Records supplied —
■ ■ ■ ■ ■
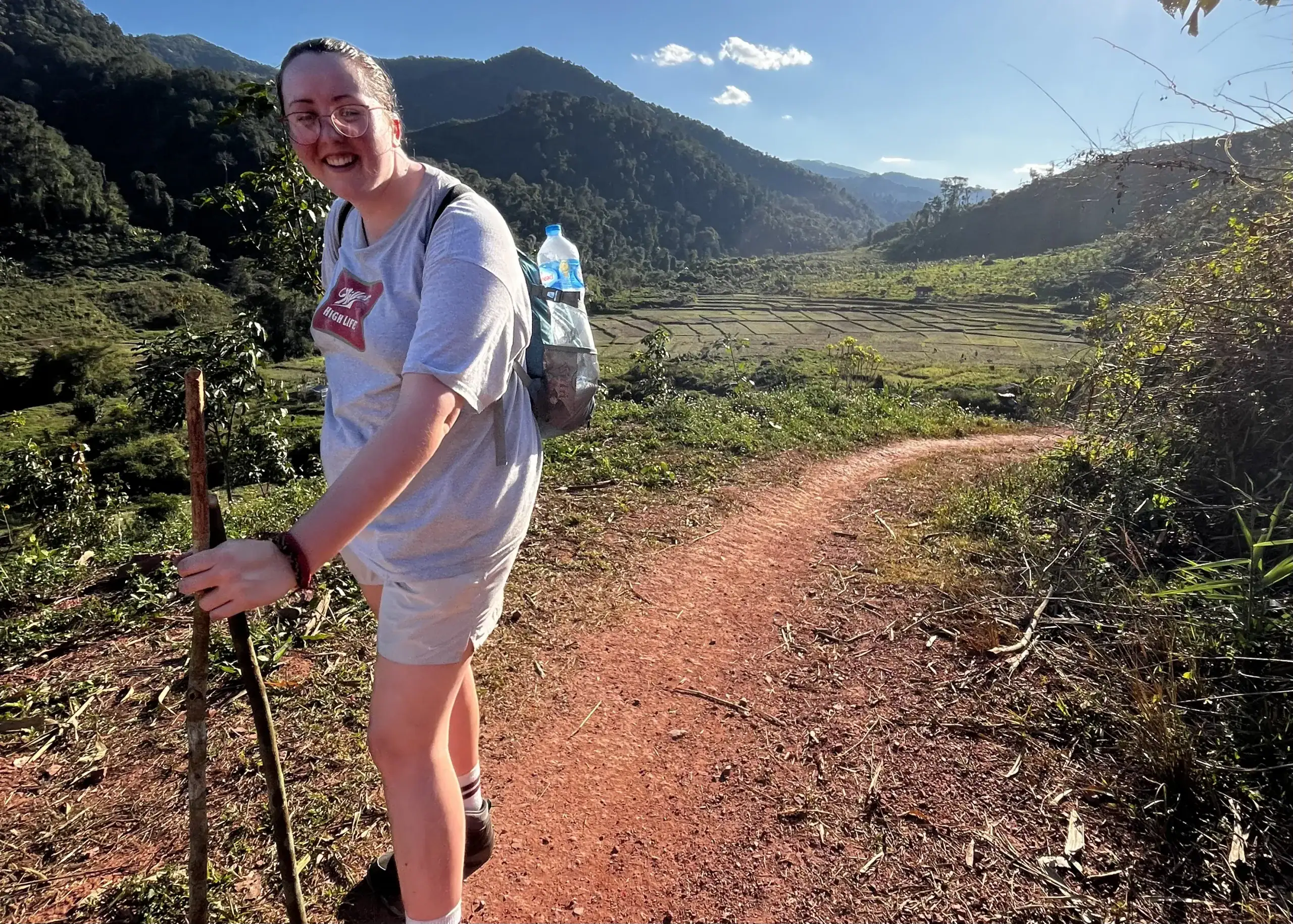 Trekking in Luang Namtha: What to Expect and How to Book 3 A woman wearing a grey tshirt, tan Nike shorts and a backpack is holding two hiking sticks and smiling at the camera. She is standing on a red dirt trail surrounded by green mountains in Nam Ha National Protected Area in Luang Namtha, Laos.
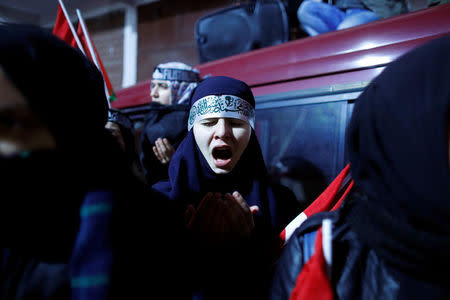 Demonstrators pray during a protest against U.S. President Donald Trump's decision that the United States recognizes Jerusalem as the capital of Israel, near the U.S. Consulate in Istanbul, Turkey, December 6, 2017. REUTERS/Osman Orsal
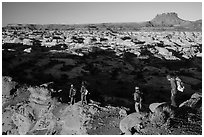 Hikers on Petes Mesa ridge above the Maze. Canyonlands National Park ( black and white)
■ ■ ■ ■ ■
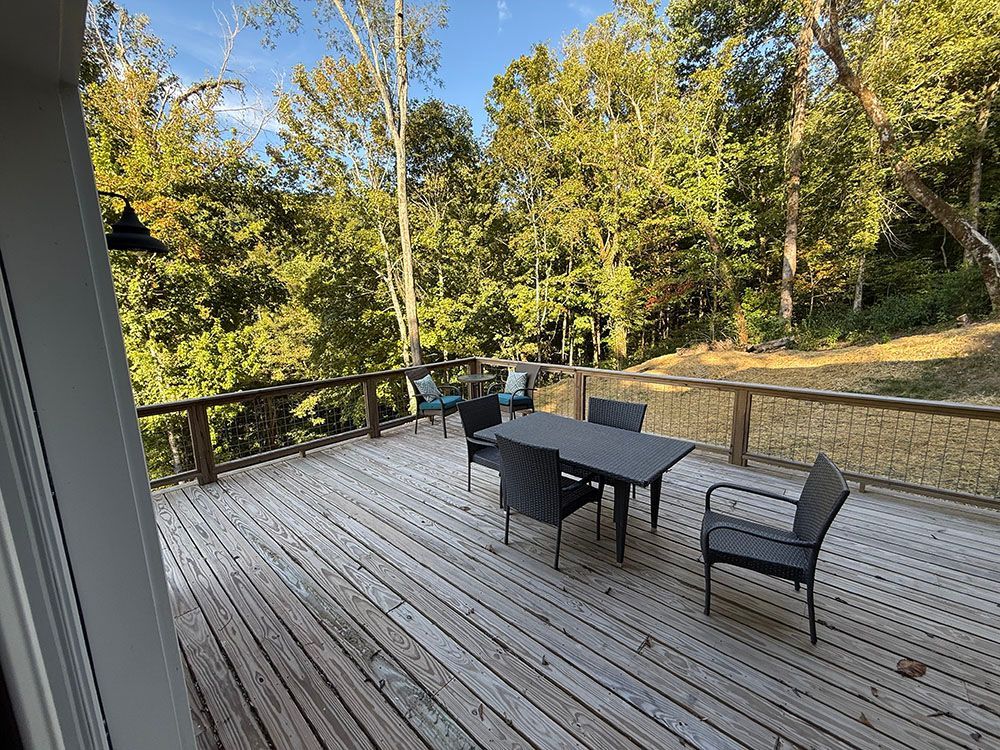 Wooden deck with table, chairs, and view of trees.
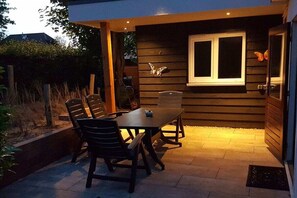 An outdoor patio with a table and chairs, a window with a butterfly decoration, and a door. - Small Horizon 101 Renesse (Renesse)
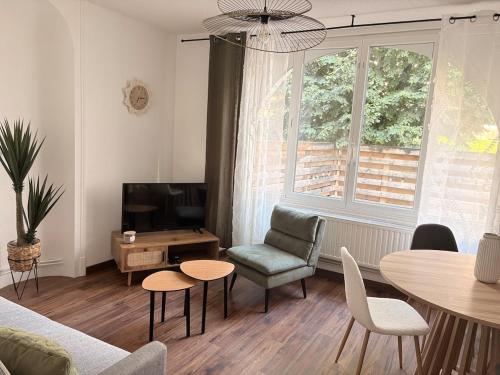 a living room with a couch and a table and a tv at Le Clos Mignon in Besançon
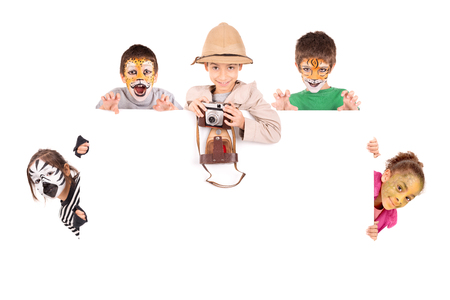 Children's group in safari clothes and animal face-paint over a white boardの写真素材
■ ■ ■ ■ ■
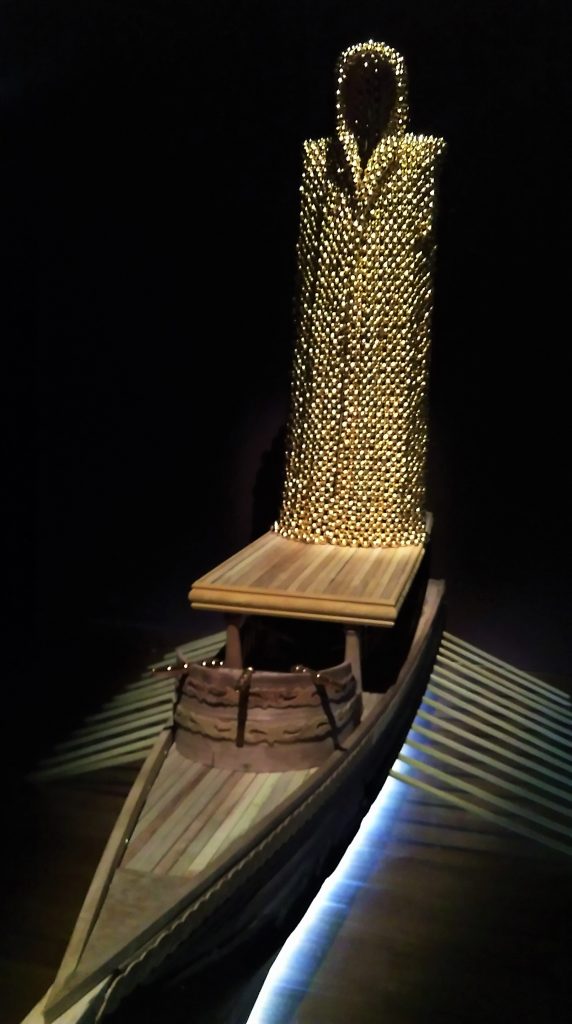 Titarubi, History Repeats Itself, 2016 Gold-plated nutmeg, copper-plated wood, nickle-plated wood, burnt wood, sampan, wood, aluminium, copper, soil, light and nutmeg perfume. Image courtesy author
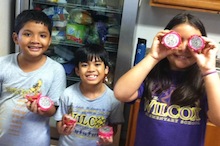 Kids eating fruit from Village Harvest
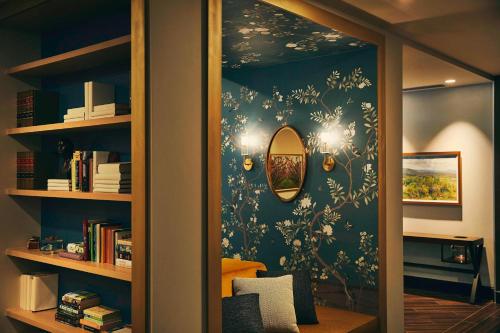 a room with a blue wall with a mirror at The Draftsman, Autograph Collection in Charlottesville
■ ■ ■ ■ ■
Task directions —
Give again the stretch of the entries above that begins at the line with "Titarubi, History Repeats" and ends at the line with "a room with", word for word, with no pictures.

Task solution —
 Titarubi, History Repeats Itself, 2016 Gold-plated nutmeg, copper-plated wood, nickle-plated wood, burnt wood, sampan, wood, aluminium, copper, soil, light and nutmeg perfume. Image courtesy author
 Kids eating fruit from Village Harvest
 a room with a blue wall with a mirror at The Draftsman, Autograph Collection in Charlottesville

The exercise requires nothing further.